Even when individual sports figures start to let us down, we can still find valuable lessons in team sports. Last night’s Golden State Warriors game showed me just that. Mind you, on most nights – more accurately on every single night until the last – the Warriors wouldn’t even cross my radar. Even this year’s rise to the upper echelon has surely gone without the notice of all but the NBA’s biggest fans. Last night, however, the Warriors played all 13 players at least ten minutes, and they all scored. To put that in perspective, they’ve never done that in franchise history.
While that makes for an interesting stat, what makes it truly relevant is that they beat the Nuggets by 43 points. The Nuggets aren’t a .500 team, but they aren’t exactly horrible at 18-23. The Warriors, on the other hand, are at the top of the NBA power rankings with an astounding 33-6 record.
That brings me to the question at the heart of the lesson: why do we always let our superstars do all the work? Sure, the question can be applied to all team sports, but it also belongs in the workplace. How many of you have been on a lopsided team where a small number of people, or even just one person, does a disproportionate amount of the work? Have you been that person that carries other team members on your back? Have you managed a lopsided team like that?
If your work experiences are anything like mine, you’ll have a hard time recounting a situation where that wasn’t the case. I’ve spent a good portion of my career in consulting, where it is simple to determine the distribution of the work. In fact, for my first job out of college, I was actually the one who kept the spreadsheet that was the equivalent to NBA stats. Utilization, which measures billable hours versus total available hours, is like the minutes played in an NBA game. It’s the easiest way to measure the revenue he or she brings to, or costs, the organization. To this day I can still visualize the huge gaps between the 90% and 10% consultants on that spreadsheet, and I’ve been in numerous other comparable “team” dynamics since.
Getting back to the Warriors game, granted, 10 minutes played by an NBA player is still less than 25% of the total minutes in a game. However, in order to get an accurate calculation, you’d first have to figure out a reasonable number of minutes that could be played with some amount of rest. That would increase those 10 minutes to a more acceptable utilization. In the end we have to realize that we’re still going to want our most talented employees doing more of the [available] work. What we’re really talking about is the normalization of utilization – elevating the 0-5% we typically see out of some players to an acceptable level. The same thing is true in the workplace.
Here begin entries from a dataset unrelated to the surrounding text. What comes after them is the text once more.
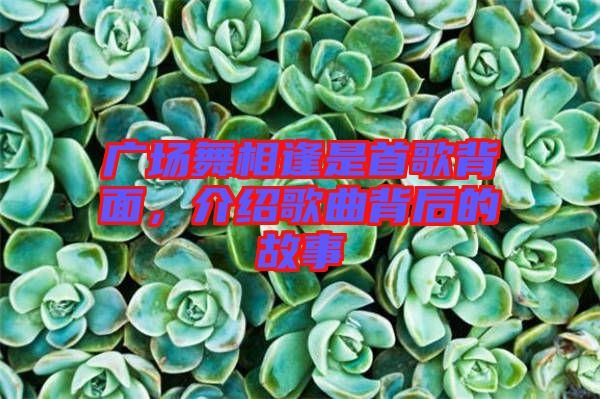 廣場舞相逢是首歌背面，介紹歌曲背后的故事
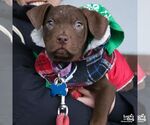 Small #1 Mutt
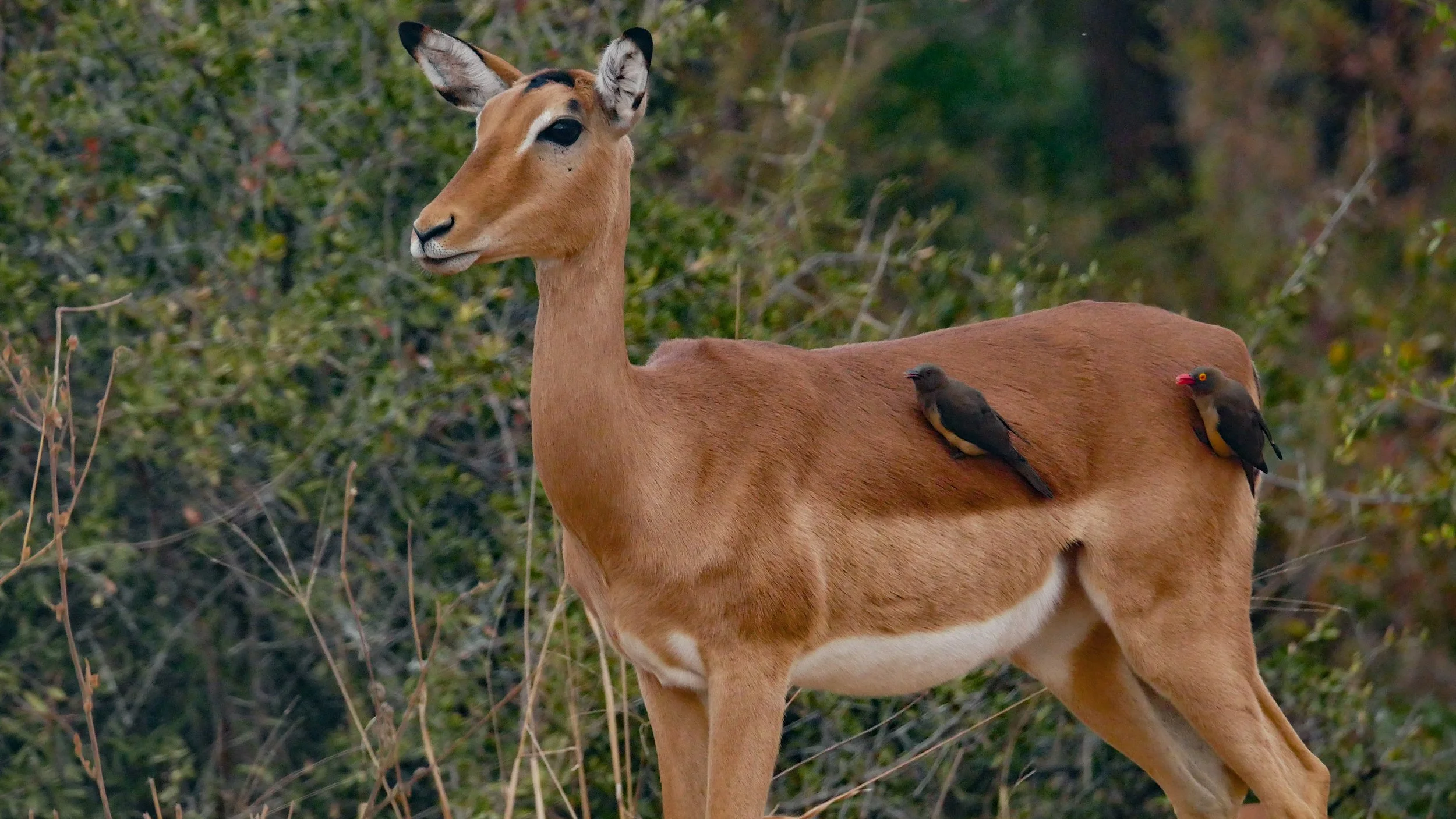 landscapeandwildlife_Kruger_-52.jpg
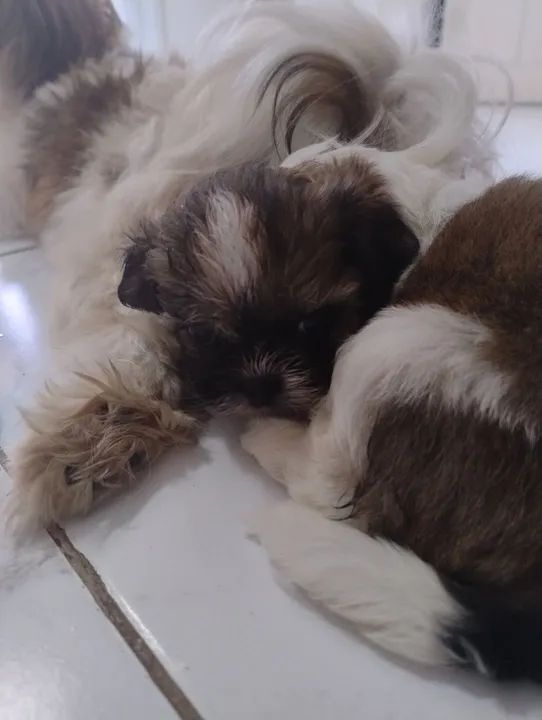 Filhote Shih Tzu - Foto 3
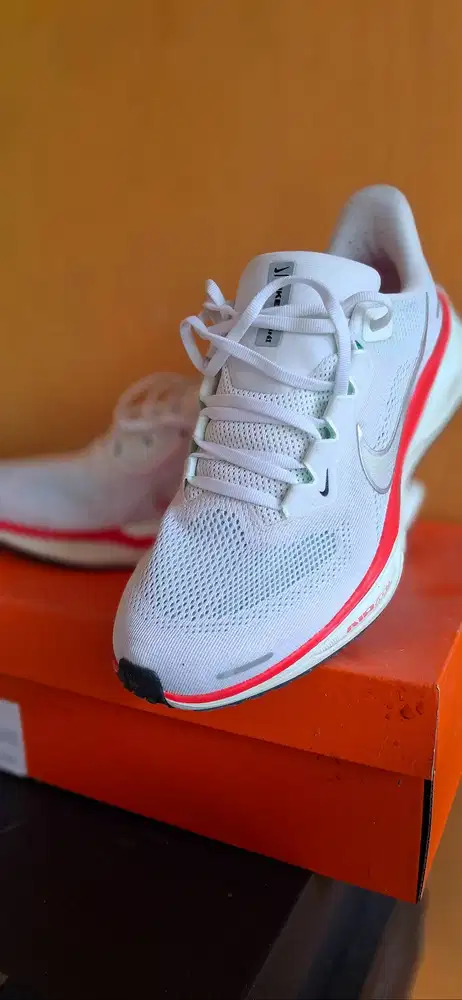 Nike pegasus running shoes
Think for a moment about the net effects of doing this. Firstly, and most obviously, you’ve actually lived up to the team concept. Even though you get the rare team member who is unselfish enough to spend most or all of his or her time “riding the pine,” so to speak, the energy they bring to the team’s success is completely watered down if they can’t contribute to the actual game/work.
Secondly, you give your superstars a breather and allow them to elevate their games even higher when they’re tapped on the shoulder. After all, players and workers get burned out on both a daily and annual basis. Sure, fewer minutes might have a negative on their total points or utilization, but more than likely their field goal percentages and client satisfaction will be higher.
The superstar’s pushback will come from that very fact of their suffering “numbers.” They’ll complain to their manager, coworkers, friends and anyone who will listen about the negative effect on their compensation as well as their future marketability. That speaks to a more endemic issue in the organization, and the overall world of organizations. Maybe – no, not maybe, but certainly – a higher weighting needs to be placed on team performance instead of individual performance.
It takes organizational change to make this happen, as well as great leaders. Not that I know enough of the situation to say whether Steve Kerr is a great leader, but his comments about the way last night’s game went down certainly show that the result wasn’t an accident.
“This is so unique to have a group pull for each other that exhibits the selflessness where, from one night to the next, somebody isn’t going to get a lot of points or a lot of shots. And it doesn’t seem to bother them.”
It’s that term “bother” that we really need to focus on. We don’t want to bother our players and employees. We want them to be happy, because if they’re happy, the organization is happy. Happiness breeds success; both success of the team and success of the individual. It’s all about the balancing act of making that happen, and team balance could just be one of your most untapped tools.